- **INSTRUCTIONS FOR THE TASK**:
The pictures stay out. Please retype every line below exactly.

━━━━━ EXTRACTED INFORMATION

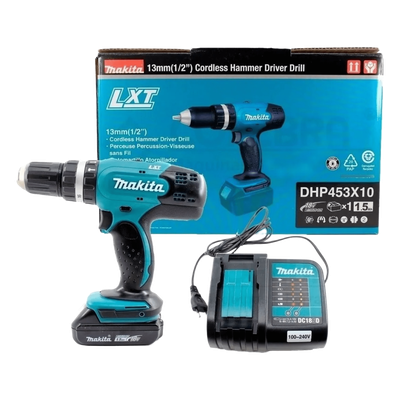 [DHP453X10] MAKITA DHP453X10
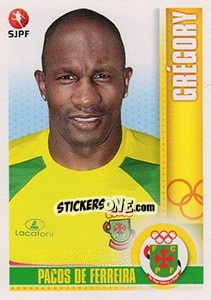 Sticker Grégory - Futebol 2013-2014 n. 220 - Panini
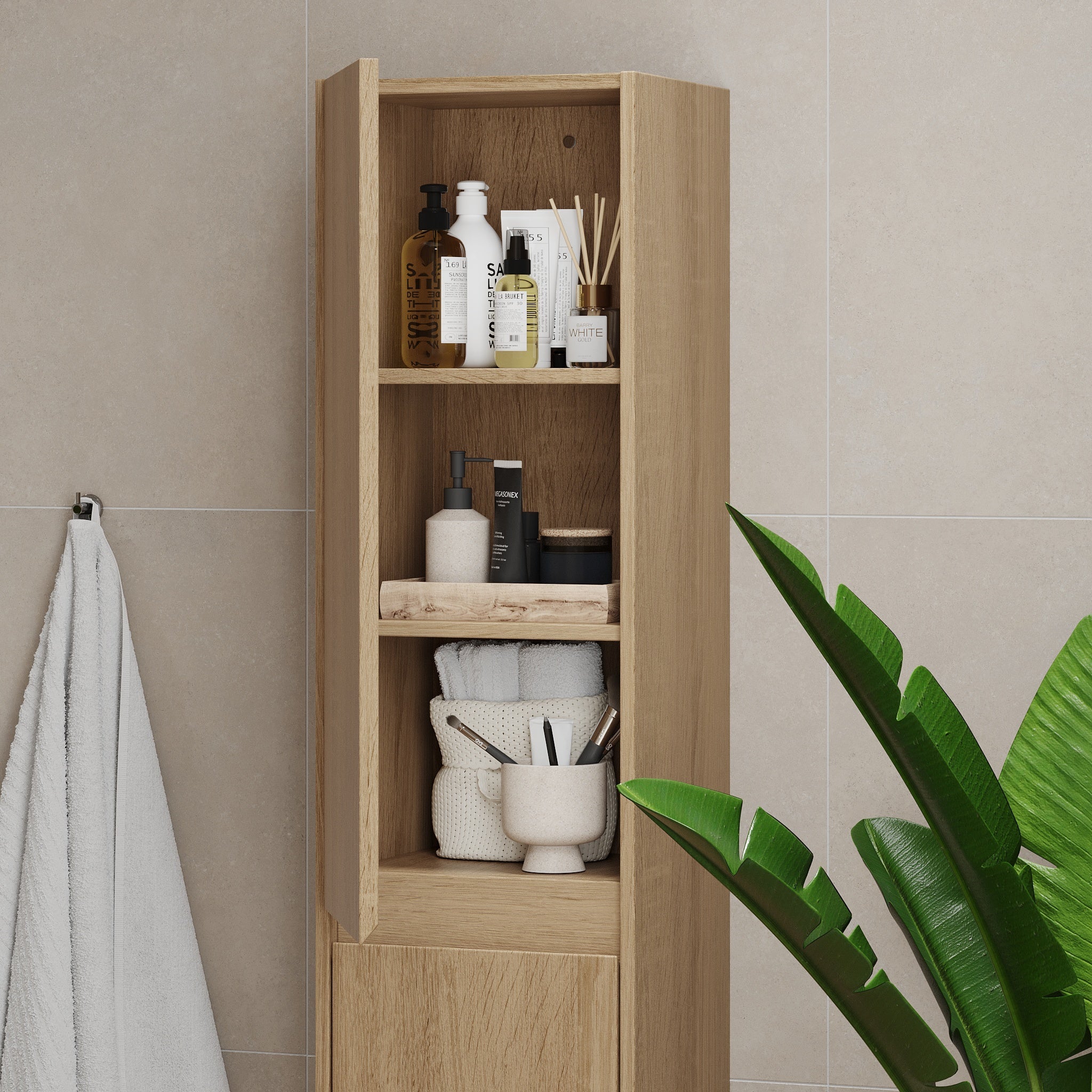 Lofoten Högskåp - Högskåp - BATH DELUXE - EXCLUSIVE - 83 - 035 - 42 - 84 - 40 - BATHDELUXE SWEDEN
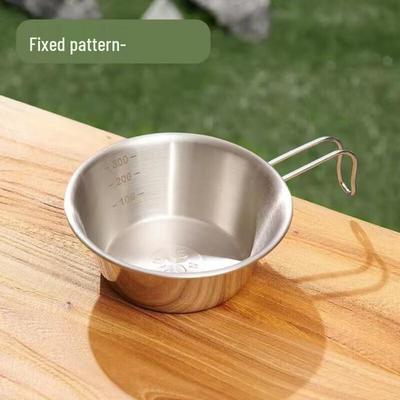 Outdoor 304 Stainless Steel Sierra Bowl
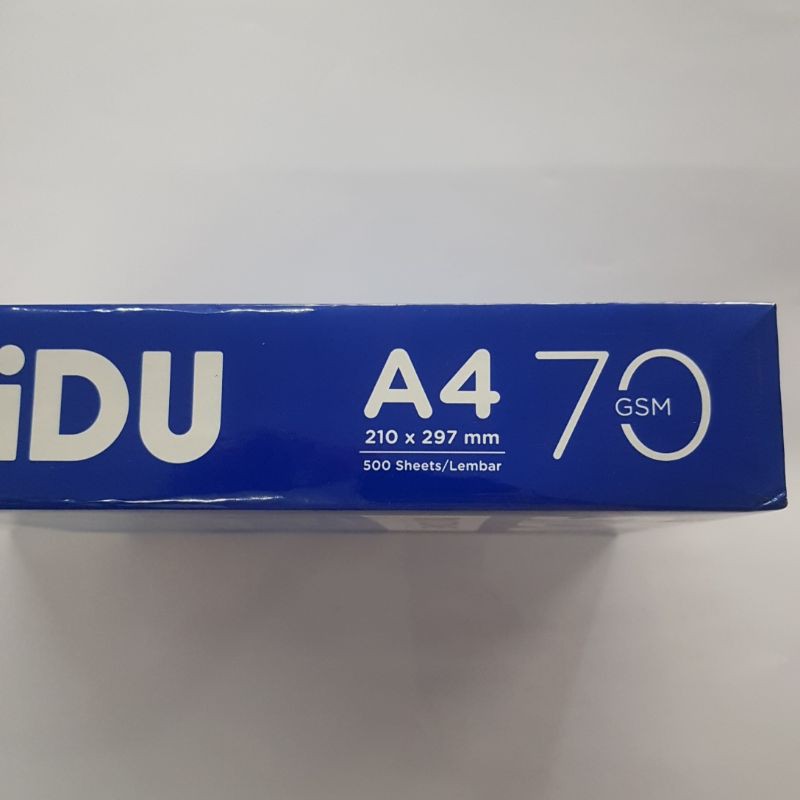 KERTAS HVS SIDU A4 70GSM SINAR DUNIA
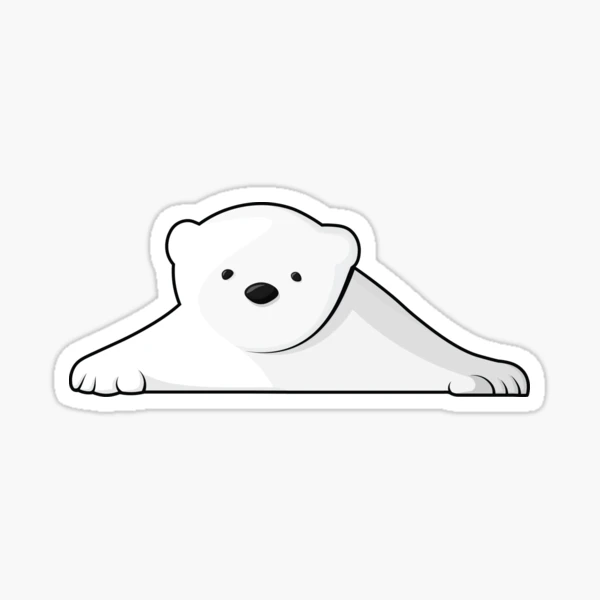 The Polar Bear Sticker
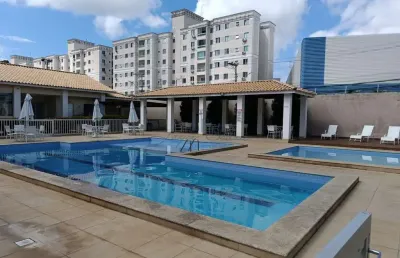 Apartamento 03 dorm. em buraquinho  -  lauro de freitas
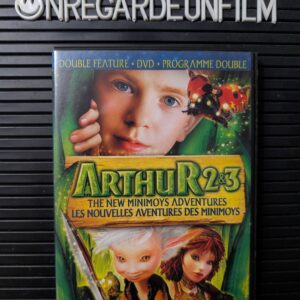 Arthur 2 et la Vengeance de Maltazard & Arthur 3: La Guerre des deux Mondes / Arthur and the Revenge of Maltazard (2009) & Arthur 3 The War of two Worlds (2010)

━━━━━━━━━━

- **WRITTEN RESPONSE**:
 [DHP453X10] MAKITA DHP453X10
 Sticker Grégory - Futebol 2013-2014 n. 220 - Panini
 Lofoten Högskåp - Högskåp - BATH DELUXE - EXCLUSIVE - 83 - 035 - 42 - 84 - 40 - BATHDELUXE SWEDEN
 Outdoor 304 Stainless Steel Sierra Bowl
 KERTAS HVS SIDU A4 70GSM SINAR DUNIA
 The Polar Bear Sticker
 Apartamento 03 dorm. em buraquinho  -  lauro de freitas
 Arthur 2 et la Vengeance de Maltazard & Arthur 3: La Guerre des deux Mondes / Arthur and the Revenge of Maltazard (2009) & Arthur 3 The War of two Worlds (2010)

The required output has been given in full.